Whenever the topic of examination malpractice comes up, attention is usually directed to candidates and teachers. Scarcely has the role of examining bodies been mentioned in the menace that has bedeviled our school system. Three major pillars of education are teaching, examination and certification. While teaching and certification are the prerogatives of teachers and public examination bodies, respectively, examination, which includes marking and scoring, intricately involves both parties.
Ostensibly, examination bodies like WAEC and NECO put up paid adverts and notices condemning and discouraging the act of cheating in examination, but their staff and administrative system directly and indirectly encourage and sustain examination malpractices. Examination bodies play their own part in sustenance of malpractices by discouraging examiners who desire to perform the statutory duty of reporting cases of irregularities and malpractices. This they do in two ways. First, the remuneration for detection of malpractice is hardly commensurate with the trouble an examiner goes through in reporting a malpractice.

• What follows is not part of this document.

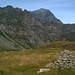 Fondamentale ometto in pietra,giunti a questo punto,si gira a destra,sul piano inclinato del Monte Teggiolo,su tracce di sentiero.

Whereas in marking, an examiner is remunerated per script, detection of a malpractice is paid for in relation to the number of centres. This method is skewed in the sense that N150 (for WAEC) or N200 (for NECO) is paid for detection of all the cases of malpractice in any particular centre. This implies that if an examiner detects cheating among 500 candidates in a particular centre, such an examiner is paid the paltry sum of N150. Secondly, the number of forms to be filled and correspondingly counter-signed by tiers upon tiers of officials, including the chief examiner, subject officer and venue coordinator, makes it so cumbersome and therefore unattractive to a greater majority of the examiners. Finally, the outright disposition of marking-centre officials while reports are being made usually sends the signal that the one doing the reporting is unnecessarily complicating the work of marking
Two recent and succeeding experiences as a NECO examiner are particularly illustrative of the tacit method in which field officers of public examination bodies discourage detection and report of malpractices. In 2019, the venue coordinator discovering upon enquiry that I happen to come from the same geopolitical zone as the candidates for whom I was reporting malpractice engaged in a most embarrassing emotional blackmail.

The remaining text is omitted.